| Feb 14, 2017
Our Willingness To Believe
As I waited in the supermarket checkout lane the other day and took in the tabloid headlines, it occurred to me that fake news isn’t new at all. We’ve been inundated with it for decades.
However, given our recent election, it appears that what’s new is that more and more of us are beginning to believe it.
I grew up in the 60s and 70s. Many called it the age of skepticism, and given the era we had every right to not accept at face value everything we read, heard and were told. In high school “Skeptic” magazine supplemented my History classes and Social Studies discussions. We were taught how to read between the lines, look for bias, and understand how context and events shape points of view.
Somewhere along the way our skepticism has devolved into a willingness to believe. How in the world did this happen?
Things began to change in the 80s. Waiting nervously in the lobby of Ketchum Advertising for my first job interview in 1981, I happened to look down at the cover of Advertising Age sitting on the end table beside me. Its headline read “Will Advertisers Ever Come to Cable?”

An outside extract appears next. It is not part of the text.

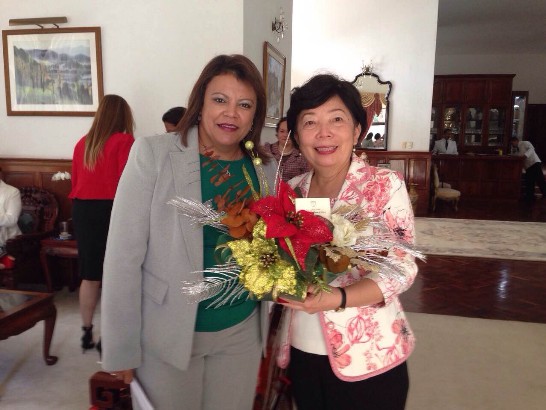 孫夫人接受瓜國國防部長夫人妮蒂亞贈花及謝函。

Until then I had grown up with NBC, ABC, CBS and PBS. The news was the news and the shows were the shows. Back then, there was no such thing as a “news show.”
Cable changed the game fast. It was no longer the rural, community message board. CNN was born. HBO was born. MTV was born. Communications concepts that could never have happened on network TV were thriving on cable. People flocked to them and so did advertisers, but with cable programming the whole idea of broadcast narrowed a bit.
What was once mass messaging was becoming targeted to the specific demographics and market segments that cable networks served up to advertisers. Values and life styles mattered. The voice of the consumer mattered. “King Customer” was born. Little did I know then, but the stage had been set.
Fast forward to the internet. Lots and lots and lots more channels. Something for absolutely everybody, but our collective, shared experience of media had changed. It had become fragmented and highly individualized. Those days when almost every American could tell you what somebody like Walter Cronkite had to say were long gone.
Fast forward to Google. My search results differ from yours because they’re based on my personal search history. I am being cocooned, and so are you. The content I find and ask to have delivered to me no longer shapes my beliefs, it merely validates and reinforces them.
Fast forward to Social Media. Everybody has become their own personal network. We constantly broadcast our opinions, which are reinforced by what we find in our media cocoon to support them.
We are getting angrier with those who don’t agree with us. We can’t understand how they could have possibly come to the opinions they have. We cut them off. We unfriend them. We are a nation divided.
Fake news is not just a clever prank. It’s an insidious one. It’s delivered to us through media that isn’t wholly liberal or conservative. Media is marketing and as it’s become democratized over the past 35 years, marketers have gotten more sophisticated. Information science is central to how hearts and minds are moved today. Yet for all the complexity, it all boils down to this:
- Know the attitudes and behaviors of the people you want to reach.
- Then tailor your messages to what those people are willing and wanting to believe.
My belief is that given where media and marketing are moving, there is a fundamental question that all marketers and consumers should be asking in times like these.
Is America still The Land of The Free?